I first stumbled across Loop Quantum Gravity in Scientific American. I find that to be a decent bridge between reputable journals and comic books! ;)

Honestly, for the little physics I know, once I wanted to step beyond SciAm, I had to go to textbooks (and available professors and... you know... a university education ;) ).

I agree. I am not without any of the above.

fls: please comment in my other thread. It would be great to get more ideas on the subject!

I already know that my ideas on the subject are highly unpopular, and I'm not sure I have the fortitude to defend them at the moment.

Linda
 
It's the same concept with the time idea. Since there is a minimum "distance" across which we can measure with any meaning--the universe's "maximum resolution", for shorthand--and a maximum speed--c--we end up with a minimum time.

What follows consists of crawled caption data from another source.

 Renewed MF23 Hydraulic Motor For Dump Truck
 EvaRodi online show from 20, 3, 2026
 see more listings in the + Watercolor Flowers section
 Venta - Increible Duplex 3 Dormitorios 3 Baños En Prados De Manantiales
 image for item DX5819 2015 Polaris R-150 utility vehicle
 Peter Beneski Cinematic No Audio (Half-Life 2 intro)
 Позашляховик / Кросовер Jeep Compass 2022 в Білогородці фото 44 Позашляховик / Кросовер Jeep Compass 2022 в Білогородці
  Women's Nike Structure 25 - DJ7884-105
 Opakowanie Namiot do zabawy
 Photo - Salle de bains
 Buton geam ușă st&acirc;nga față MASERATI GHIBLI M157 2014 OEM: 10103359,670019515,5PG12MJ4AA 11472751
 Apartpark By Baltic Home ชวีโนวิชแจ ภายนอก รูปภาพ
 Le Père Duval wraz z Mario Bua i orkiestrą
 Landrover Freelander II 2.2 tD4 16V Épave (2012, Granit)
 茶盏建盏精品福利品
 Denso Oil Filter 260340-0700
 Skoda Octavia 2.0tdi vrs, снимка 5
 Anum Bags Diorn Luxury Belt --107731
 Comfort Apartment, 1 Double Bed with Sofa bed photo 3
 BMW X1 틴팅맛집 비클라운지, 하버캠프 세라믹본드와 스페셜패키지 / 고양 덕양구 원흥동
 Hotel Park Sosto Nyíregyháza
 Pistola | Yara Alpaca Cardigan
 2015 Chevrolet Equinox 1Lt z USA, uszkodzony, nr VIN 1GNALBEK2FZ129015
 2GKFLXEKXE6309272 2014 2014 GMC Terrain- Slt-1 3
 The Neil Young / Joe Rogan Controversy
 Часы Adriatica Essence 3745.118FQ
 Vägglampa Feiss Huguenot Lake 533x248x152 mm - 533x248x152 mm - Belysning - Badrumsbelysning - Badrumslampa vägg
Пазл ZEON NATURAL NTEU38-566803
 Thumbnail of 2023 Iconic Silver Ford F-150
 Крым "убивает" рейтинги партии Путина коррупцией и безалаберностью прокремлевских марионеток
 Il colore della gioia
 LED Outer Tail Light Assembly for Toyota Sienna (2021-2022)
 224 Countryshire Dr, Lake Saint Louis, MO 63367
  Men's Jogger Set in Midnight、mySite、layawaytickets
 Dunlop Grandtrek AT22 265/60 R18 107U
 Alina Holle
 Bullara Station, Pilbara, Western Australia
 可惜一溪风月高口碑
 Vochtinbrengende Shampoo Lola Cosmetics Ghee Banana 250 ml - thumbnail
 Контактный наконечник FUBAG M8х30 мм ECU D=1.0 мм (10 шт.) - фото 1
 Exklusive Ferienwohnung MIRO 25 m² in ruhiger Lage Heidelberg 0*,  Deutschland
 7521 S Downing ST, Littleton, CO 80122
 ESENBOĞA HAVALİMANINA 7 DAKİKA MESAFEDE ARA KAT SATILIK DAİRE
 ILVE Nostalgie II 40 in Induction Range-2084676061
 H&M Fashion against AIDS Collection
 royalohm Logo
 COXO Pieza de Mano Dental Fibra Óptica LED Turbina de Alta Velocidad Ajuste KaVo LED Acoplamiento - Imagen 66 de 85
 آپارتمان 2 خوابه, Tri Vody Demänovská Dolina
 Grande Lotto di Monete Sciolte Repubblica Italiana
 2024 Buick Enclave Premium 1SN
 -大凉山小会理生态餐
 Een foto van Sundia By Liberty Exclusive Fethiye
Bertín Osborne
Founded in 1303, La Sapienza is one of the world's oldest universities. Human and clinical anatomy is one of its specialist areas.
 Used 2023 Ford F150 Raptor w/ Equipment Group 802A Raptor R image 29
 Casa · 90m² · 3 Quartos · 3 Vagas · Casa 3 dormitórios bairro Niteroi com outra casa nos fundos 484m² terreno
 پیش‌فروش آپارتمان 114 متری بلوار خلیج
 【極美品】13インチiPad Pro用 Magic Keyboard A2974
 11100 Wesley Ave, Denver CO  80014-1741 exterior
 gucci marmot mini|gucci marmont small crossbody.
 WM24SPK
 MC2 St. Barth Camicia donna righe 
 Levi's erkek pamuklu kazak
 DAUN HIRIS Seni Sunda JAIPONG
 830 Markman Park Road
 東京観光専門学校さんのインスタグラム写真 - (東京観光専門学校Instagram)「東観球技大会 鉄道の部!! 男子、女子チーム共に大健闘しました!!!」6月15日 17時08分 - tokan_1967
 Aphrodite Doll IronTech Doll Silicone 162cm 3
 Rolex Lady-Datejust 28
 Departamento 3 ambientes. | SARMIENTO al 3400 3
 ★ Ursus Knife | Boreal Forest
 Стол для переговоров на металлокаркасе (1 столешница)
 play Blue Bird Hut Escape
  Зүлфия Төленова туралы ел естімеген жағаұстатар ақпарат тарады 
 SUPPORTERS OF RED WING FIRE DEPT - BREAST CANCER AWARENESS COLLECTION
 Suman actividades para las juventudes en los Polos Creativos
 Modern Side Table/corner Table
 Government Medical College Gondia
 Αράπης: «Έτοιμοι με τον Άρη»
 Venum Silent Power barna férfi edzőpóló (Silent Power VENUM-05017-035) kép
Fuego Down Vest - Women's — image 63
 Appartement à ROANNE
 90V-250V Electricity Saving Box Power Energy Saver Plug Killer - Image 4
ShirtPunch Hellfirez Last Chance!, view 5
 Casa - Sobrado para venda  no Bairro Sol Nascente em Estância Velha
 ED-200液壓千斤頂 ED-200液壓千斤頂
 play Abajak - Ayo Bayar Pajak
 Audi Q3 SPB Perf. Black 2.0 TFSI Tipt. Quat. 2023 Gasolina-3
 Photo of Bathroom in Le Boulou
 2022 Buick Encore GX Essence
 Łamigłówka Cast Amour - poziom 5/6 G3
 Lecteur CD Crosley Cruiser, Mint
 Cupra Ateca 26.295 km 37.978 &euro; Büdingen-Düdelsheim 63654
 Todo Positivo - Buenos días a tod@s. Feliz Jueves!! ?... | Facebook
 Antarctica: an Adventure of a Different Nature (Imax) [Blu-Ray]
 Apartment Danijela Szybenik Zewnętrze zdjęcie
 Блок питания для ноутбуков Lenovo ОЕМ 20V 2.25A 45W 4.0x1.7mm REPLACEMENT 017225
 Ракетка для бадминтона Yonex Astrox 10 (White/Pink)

If you read through the link that Yllanes provided (thank you Yllanes!), the "loop representation" approach does not depend upon this issue, even though it also converges onto the same answer.

Linda
 
fls:

Yeah, well, I warned you all :p

I hadn't looked through it, actually. I don;t do too much in-depth research except mayber on weekends (I post from work, a few minutes here and there isn't much, but I can't spend a half-hour reading :().

I need to read up on some of the loop gravity theories; I have a decent layman's understanding of string theory, M-theory, the stanbdard model, and relativity...and know enough about QM not to make nonsensical statements like "QM proves my cat can read the minds of telporting aliens using healing crystals", so learning a bit about this would be interesting. I also want to see if this is actually a different derivation or if it boils down tot he same thing at the lowest level (i.e.-it's based on uncertainty principles or something similar). I'm curious now, dang you!!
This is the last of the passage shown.